- Task instructions -
Find each line below where the word "Floral" occurs, and copy it.

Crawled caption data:
○ ○ ○ ○ ○ ○ ○
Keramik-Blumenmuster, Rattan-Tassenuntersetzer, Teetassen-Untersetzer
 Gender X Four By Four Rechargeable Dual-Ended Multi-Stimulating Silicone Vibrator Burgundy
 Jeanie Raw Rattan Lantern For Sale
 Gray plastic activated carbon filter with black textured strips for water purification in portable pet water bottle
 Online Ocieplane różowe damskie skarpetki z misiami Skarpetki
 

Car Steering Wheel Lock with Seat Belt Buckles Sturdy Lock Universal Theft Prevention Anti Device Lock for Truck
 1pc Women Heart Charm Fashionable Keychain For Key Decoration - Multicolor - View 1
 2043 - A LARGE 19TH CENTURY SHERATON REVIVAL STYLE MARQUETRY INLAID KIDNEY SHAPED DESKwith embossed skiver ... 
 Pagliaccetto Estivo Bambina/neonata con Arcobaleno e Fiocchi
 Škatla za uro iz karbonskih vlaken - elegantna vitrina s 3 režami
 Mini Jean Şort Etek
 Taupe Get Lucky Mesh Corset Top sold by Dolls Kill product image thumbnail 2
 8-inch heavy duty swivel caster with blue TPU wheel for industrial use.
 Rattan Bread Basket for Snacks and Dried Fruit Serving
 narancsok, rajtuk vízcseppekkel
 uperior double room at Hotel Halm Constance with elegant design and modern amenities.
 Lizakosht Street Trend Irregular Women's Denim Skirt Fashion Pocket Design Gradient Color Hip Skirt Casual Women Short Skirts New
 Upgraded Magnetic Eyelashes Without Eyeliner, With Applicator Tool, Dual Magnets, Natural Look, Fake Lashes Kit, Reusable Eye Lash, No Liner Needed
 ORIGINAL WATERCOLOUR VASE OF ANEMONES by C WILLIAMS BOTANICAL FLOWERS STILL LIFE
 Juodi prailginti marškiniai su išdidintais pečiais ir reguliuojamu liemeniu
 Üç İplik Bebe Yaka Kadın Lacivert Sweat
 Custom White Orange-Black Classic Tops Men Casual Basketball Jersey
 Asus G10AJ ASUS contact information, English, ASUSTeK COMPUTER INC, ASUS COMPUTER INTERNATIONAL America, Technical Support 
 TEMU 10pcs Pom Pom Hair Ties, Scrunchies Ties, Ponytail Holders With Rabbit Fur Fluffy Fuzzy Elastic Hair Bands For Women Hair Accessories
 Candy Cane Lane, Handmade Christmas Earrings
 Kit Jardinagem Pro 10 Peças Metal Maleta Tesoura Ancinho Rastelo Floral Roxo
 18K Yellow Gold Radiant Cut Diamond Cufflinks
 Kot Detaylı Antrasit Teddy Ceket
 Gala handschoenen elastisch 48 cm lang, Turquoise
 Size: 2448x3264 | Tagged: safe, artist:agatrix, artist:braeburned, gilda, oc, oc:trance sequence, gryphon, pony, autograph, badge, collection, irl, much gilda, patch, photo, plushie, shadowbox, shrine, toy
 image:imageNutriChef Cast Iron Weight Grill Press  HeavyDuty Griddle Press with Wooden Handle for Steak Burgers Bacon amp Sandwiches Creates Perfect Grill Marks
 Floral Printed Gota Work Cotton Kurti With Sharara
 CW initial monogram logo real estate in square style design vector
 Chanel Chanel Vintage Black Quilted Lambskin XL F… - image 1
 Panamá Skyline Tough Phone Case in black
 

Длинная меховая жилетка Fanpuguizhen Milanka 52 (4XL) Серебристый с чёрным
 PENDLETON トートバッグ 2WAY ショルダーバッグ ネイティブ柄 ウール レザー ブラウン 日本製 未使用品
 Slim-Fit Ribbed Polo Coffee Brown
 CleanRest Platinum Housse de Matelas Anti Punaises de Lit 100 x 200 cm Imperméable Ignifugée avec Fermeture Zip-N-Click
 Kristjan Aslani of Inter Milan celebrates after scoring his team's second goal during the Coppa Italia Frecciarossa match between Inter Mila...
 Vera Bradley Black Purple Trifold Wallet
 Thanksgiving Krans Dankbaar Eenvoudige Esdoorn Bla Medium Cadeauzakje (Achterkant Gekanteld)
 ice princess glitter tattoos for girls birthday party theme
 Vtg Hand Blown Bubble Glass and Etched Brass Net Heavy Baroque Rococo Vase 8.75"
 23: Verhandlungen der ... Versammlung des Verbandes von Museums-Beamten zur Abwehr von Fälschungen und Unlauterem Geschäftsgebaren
○ ○ ○ ○ ○ ○ ○
- Task output -
 Kit Jardinagem Pro 10 Peças Metal Maleta Tesoura Ancinho Rastelo Floral Roxo
 Floral Printed Gota Work Cotton Kurti With Sharara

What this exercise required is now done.